Things are going to be left out of a documentary, they have to be. Even a two hour documentary about one person making pancakes in their own home would leave something out. Documentaries live and die based upon what’s included, what’s avoided, and how the included information is presented. Additionally, what’s included must go beyond simply the elements that build the director’s case, they have to appropriately delve into why the other side is wrong.
It takes an incredible amount of knowledge and research and thought to put together a good documentary. It has to hit an emotional resonance as well an intellectual one – something like “Blackfish” excels at the former but not at the latter due to its monolithic and obvious one-sidedness.
Then there is Ava DuVernay’s “13th,” which just opened the 54th New York Film Festival. The documentary is beautifully constructed and brilliantly argued; it affects the viewer on both emotional and intellectual levels, and consequently it is a must-see film.
As the documentary states, the 13th Amendment to the Constitution reads, “Neither slavery nor involuntary servitude, except as a punishment for crime whereof the party shall have been duly convicted, shall exist within the United States.” The amendment then abolishes slavery “except as a punishment for crime,” and that bit, the argument goes, has affected the next 150 years of this nation’s history.
DuVernay proceeds to take the viewer through that history, showing the way our nation has gone about mass incarceration, has systematically imprisoned more African Americans than whites, and has used prisoners as slave labor. “13th” takes a multi-pronged approach, offering up things such as a look at the corporations who own prisons who have had laws passed so as to boost the prison population, the government which has used phrases like “law & order,” knowingly, as a stand-in to tell voters that the government will go after certain groups, and just so much more.
The United States incarcerates a scary amount of people, and DuVernay’s statistics offer up a bleak view of the rise of incarceration as well as the percentage of African Americans who are incarcerated and—this may be repeating myself, but it’s important and so I’m going to say it clearly—offers examples of how they have been targeted as a group for incarceration.
In terms of building her argument, one of the best things that she does is offer up viewpoints from both sides of the aisle.
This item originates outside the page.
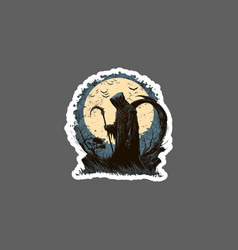 Sticker Of Grim Reaper Walk Through Under Moon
She does not make the mistake of only finding people who support her argument and including those voices.
Over the course of the film, the viewer is deluged with information. It is densely packed, but each piece is also tightly knit to the next one. DuVernay has created a clear through line from 1865 to 2016 (the inclusion of cell phone video is particularly powerful), and while there are certainly those out there who will deny her argument after they see the movie, those individuals are going to be few, far between, and wrong.
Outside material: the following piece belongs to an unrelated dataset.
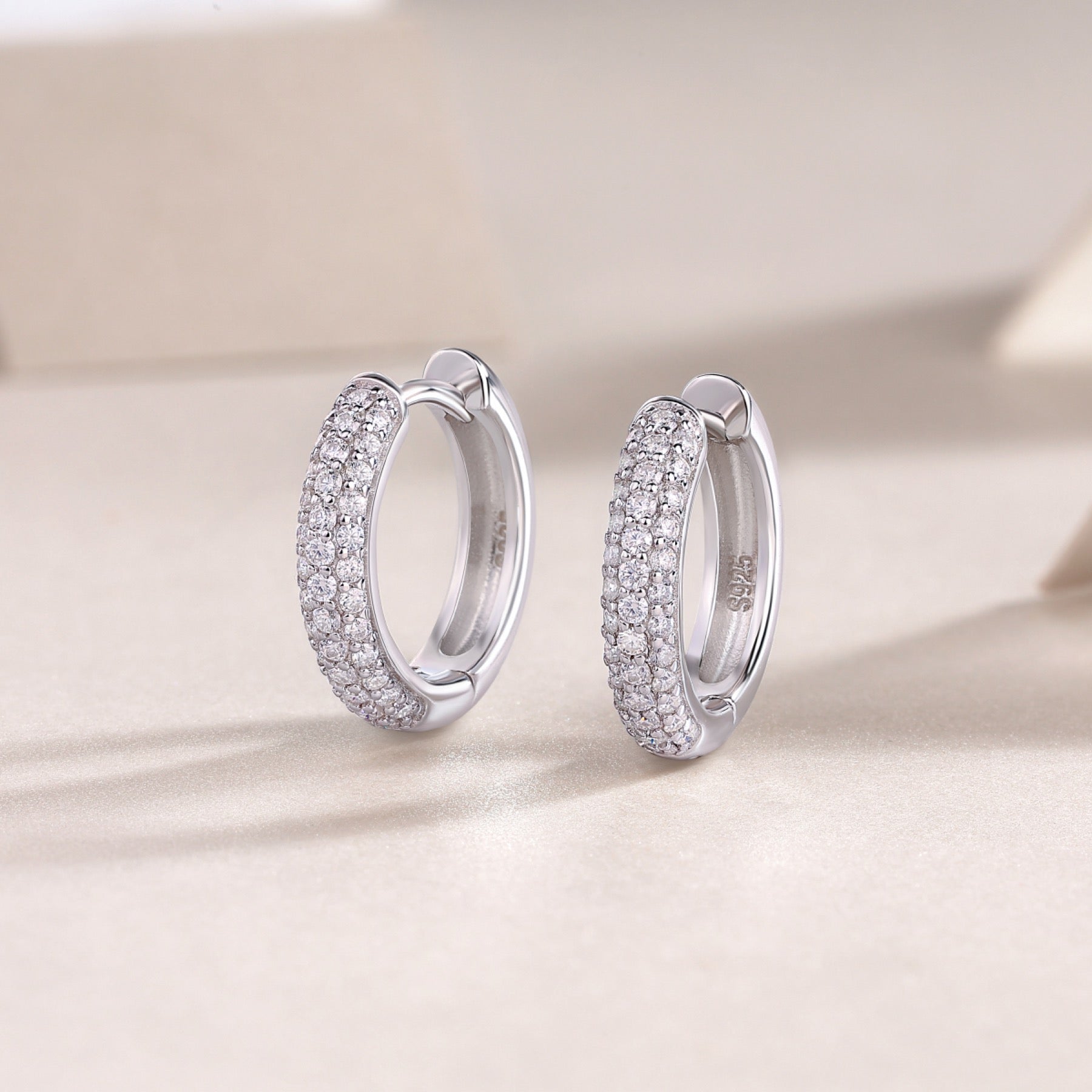 Bold Moissanite Huggie Hoop Earrings in Sterling Silver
This last isn’t to say that everything about the movie is perfect, or that it won’t cause people to ask questions about some of what they’ve seen, but anyone who doesn’t stop, think, and consider what they’ve witnessed is someone who would concern me.
Despite what one may want watching it, there is no cathartic release at its close. “13th” does touch on, if only briefly, both Presidential candidates, their policies, and their history. While it may indicate that one candidate is worse than the other in terms of their approach to hatred of those who look/talk/act differently, it isn’t kind to either side.
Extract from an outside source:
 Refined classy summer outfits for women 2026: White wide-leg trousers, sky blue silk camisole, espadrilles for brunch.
In short, this is an incredibly constructed documentary and it is obvious that DuVernay not only has a powerful handle on the issues she puts on screen, but is an incredible filmmaker as well (as if we didn’t know that from her other movies). Beyond the beautiful backdrops when subjects are interviewed, and the various framing techniques she chooses”13th” features wonderful interstitial animations, elements that are almost animated versions of writing on a blackboard. They are more than just punctuations put on the end of a portion of the film (mimicking the words to songs that are playing), they are engaging all on their own.
“13th” will be on Netflix this Friday, October 7th. Watch it.